Records shown:
● ● ●
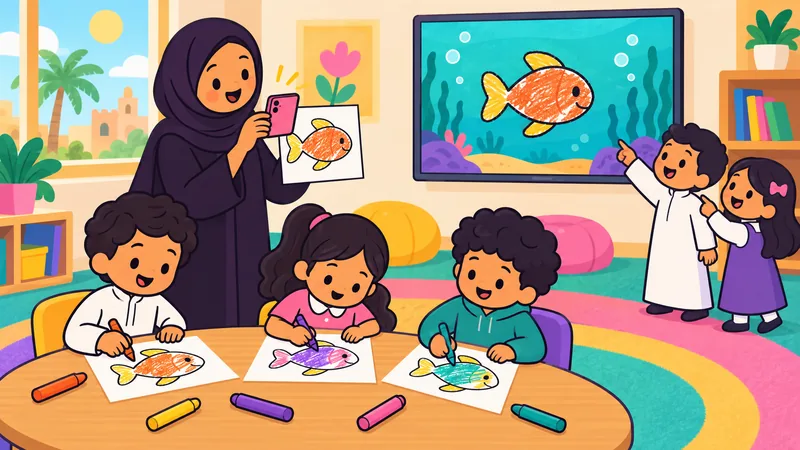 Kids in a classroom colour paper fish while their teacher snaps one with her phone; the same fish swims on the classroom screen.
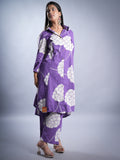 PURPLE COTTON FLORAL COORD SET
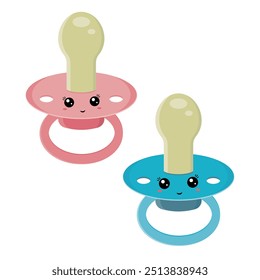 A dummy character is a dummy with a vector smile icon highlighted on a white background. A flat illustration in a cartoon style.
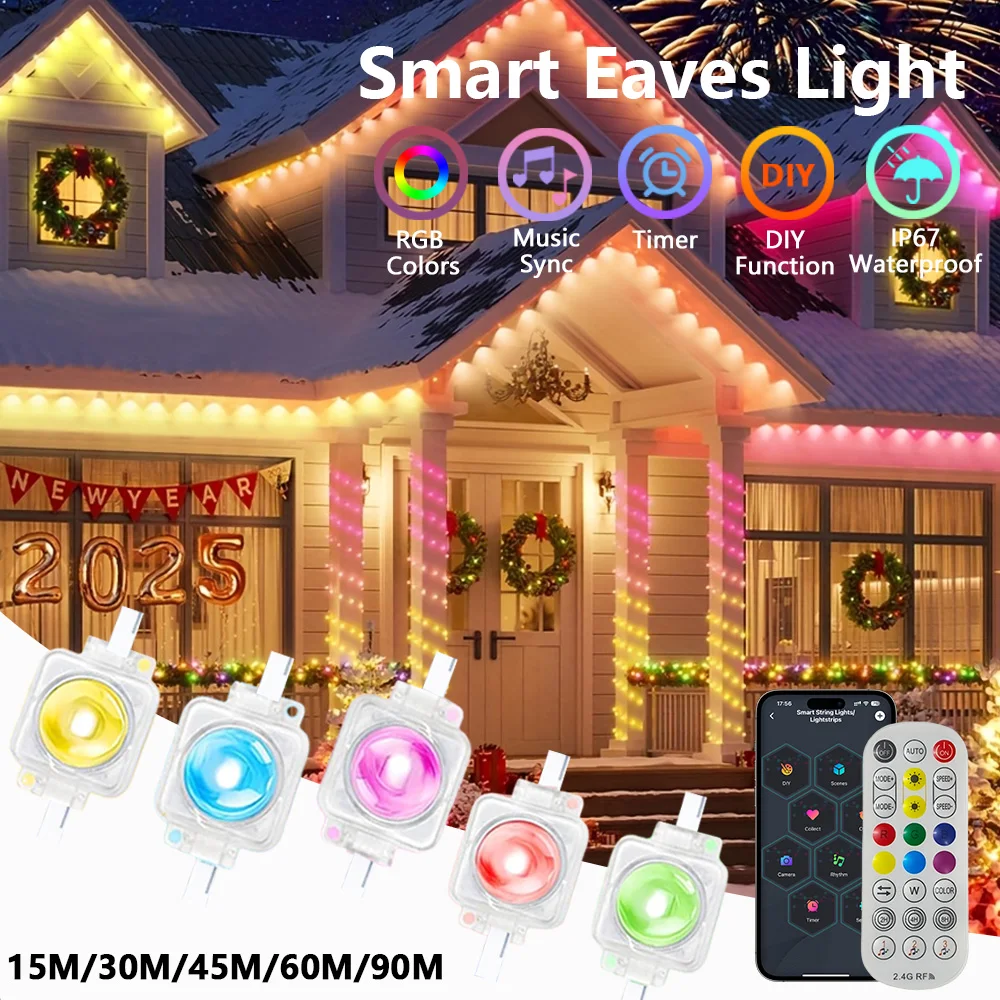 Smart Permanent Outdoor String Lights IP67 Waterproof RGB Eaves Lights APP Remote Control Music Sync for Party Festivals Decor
● ● ●
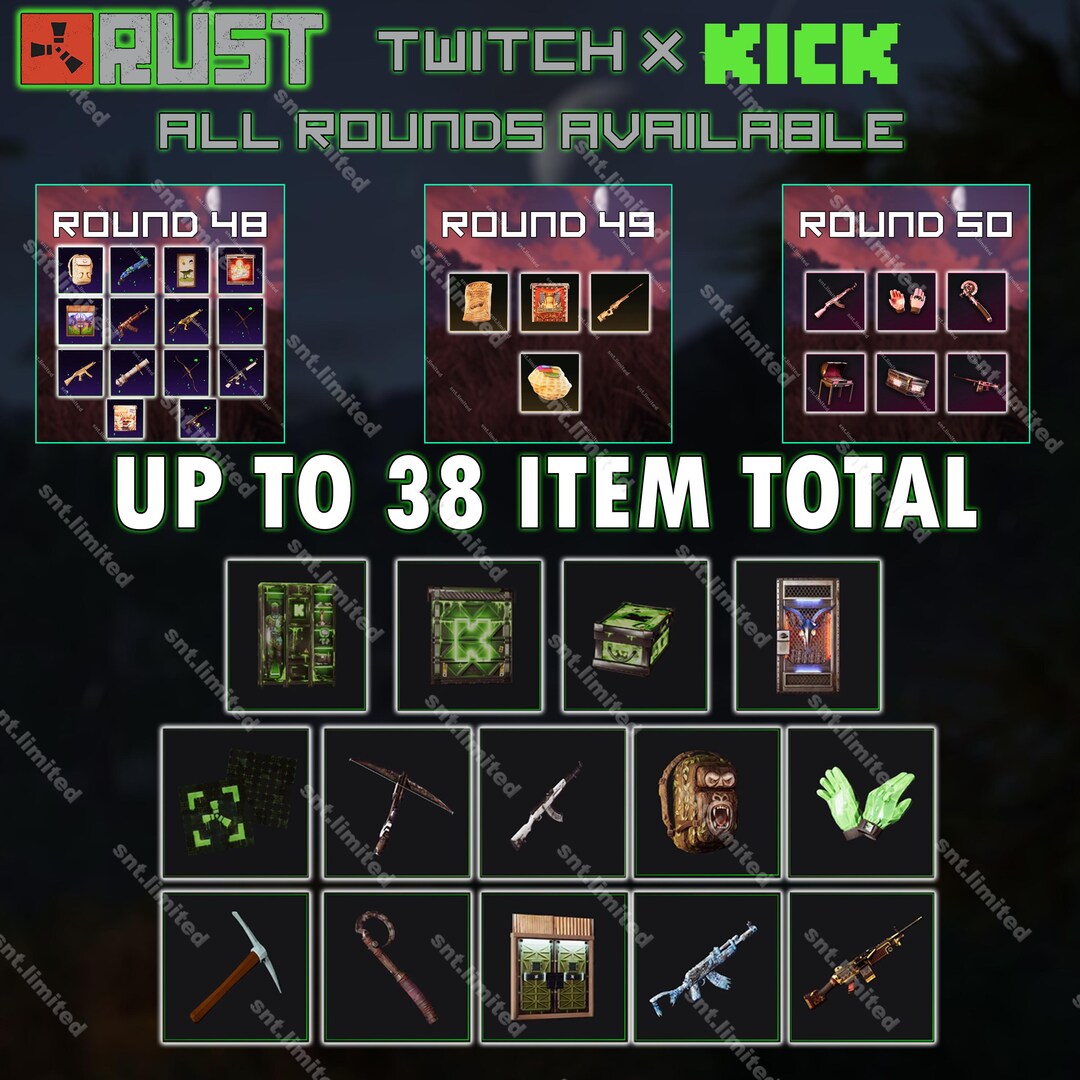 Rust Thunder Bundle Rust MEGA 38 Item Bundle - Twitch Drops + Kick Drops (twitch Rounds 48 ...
● ● ●
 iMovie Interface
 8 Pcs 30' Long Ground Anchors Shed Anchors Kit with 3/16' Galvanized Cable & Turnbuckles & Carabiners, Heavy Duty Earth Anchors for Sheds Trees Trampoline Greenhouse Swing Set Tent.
● ● ●
Above are some records. Reproduce the lines from the one with "A dummy character" down to the one with "Smart Permanent Outdoor", keeping both, and leave every picture out.

Solved exercise:
 A dummy character is a dummy with a vector smile icon highlighted on a white background. A flat illustration in a cartoon style.
 Smart Permanent Outdoor String Lights IP67 Waterproof RGB Eaves Lights APP Remote Control Music Sync for Party Festivals Decor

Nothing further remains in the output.